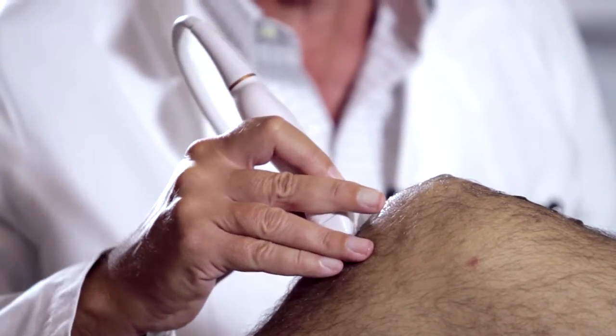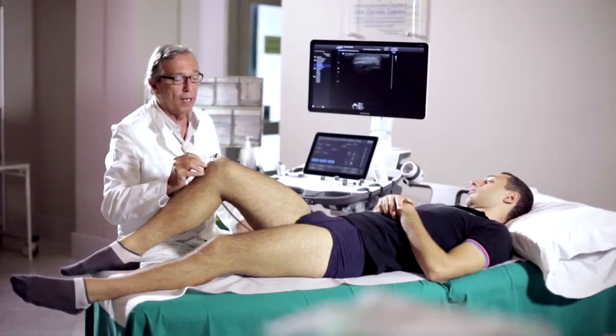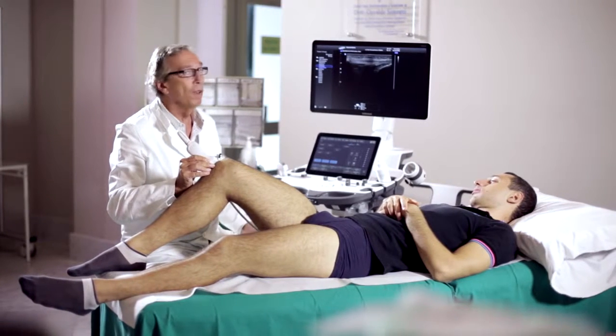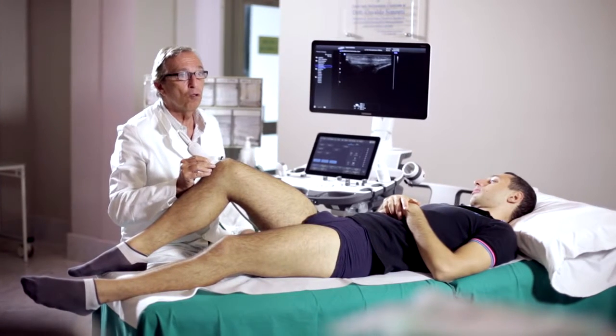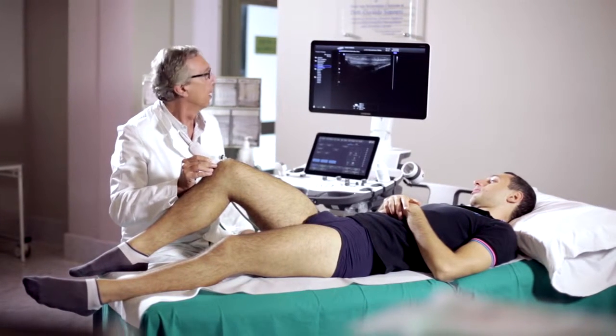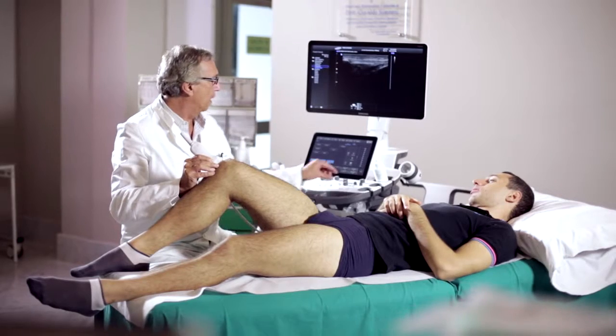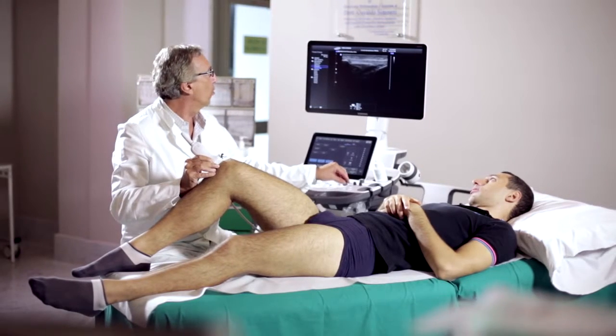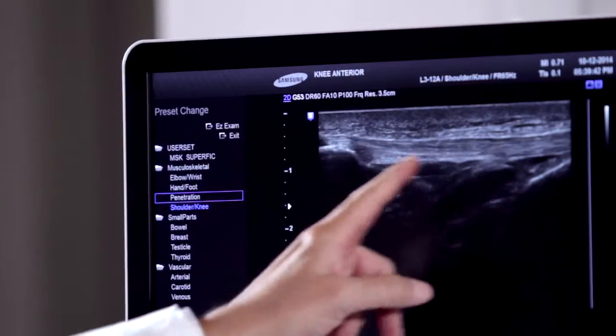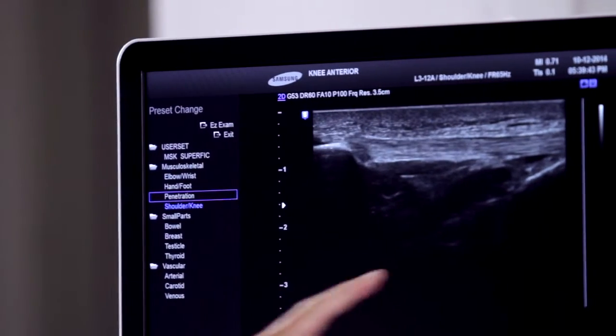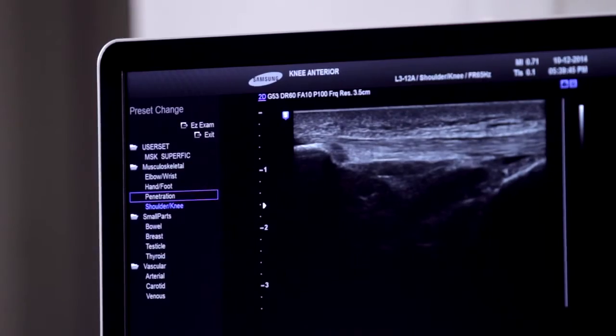Keep in mind that a normal rotula tendon is characterized by a fibrillar hypoechoic appearance. Looking at the deeper part, we can also study the component known as the Hoffa adipose body, which is a very important mechanical component of the knee.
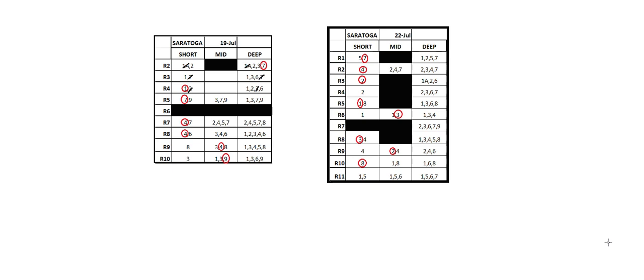Hey guys, welcome back. Just here to do a quick review of the Saratoga card today, 7/22. I'm mainly going to stay on this screen for two reasons: one, it's pretty clear and concise, and two, to introduce you to a grid that I like to use.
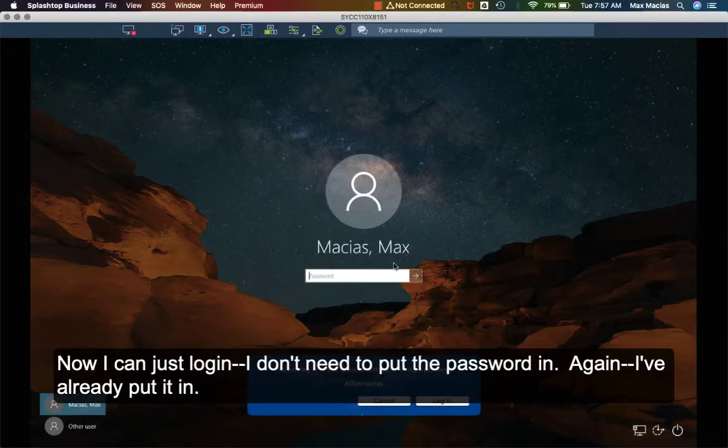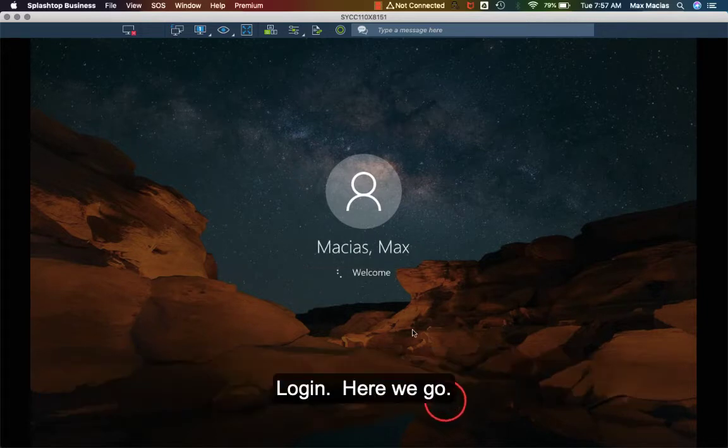Now I can just log in. I don't need to put the password in again — I've already put it in. Log in.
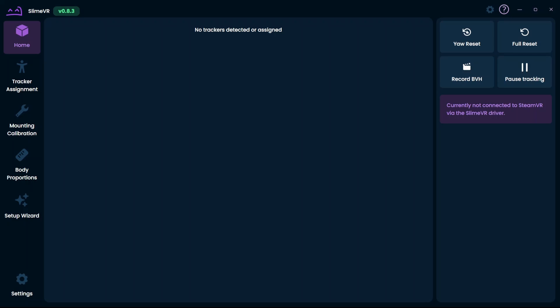Let's start setting up your SlimeVR trackers. This will be aimed towards a first-time setup. However, you can use this information after the initial setup as well.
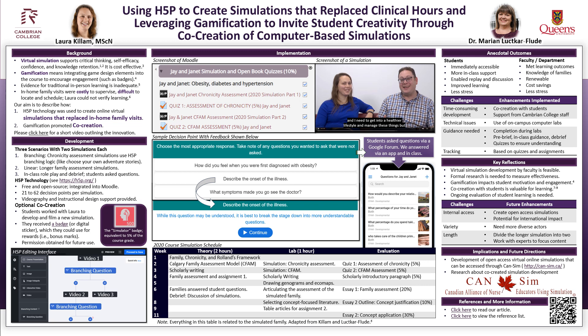Welcome to our poster describing an exciting innovation that took place in a first-year course that I taught for three years. The in-home family visits in this course had many challenges, and I was inspired to try simulation by Marion and her colleagues.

----------------------------------------

**TASK DIRECTIONS**
The full material above must be output verbatim, minus any pictures.

**SOLUTION**
Keep in mind that a normal rotula tendon is characterized by a fibrillar hypoechoic appearance. Looking at the deeper part, we can also study the component known as the Hoffa adipose body, which is a very important mechanical component of the knee.
Hey guys, welcome back. Just here to do a quick review of the Saratoga card today, 7/22. I'm mainly going to stay on this screen for two reasons: one, it's pretty clear and concise, and two, to introduce you to a grid that I like to use.
Now I can just log in. I don't need to put the password in again — I've already put it in. Log in.
Let's start setting up your SlimeVR trackers. This will be aimed towards a first-time setup. However, you can use this information after the initial setup as well.
Welcome to our poster describing an exciting innovation that took place in a first-year course that I taught for three years. The in-home family visits in this course had many challenges, and I was inspired to try simulation by Marion and her colleagues.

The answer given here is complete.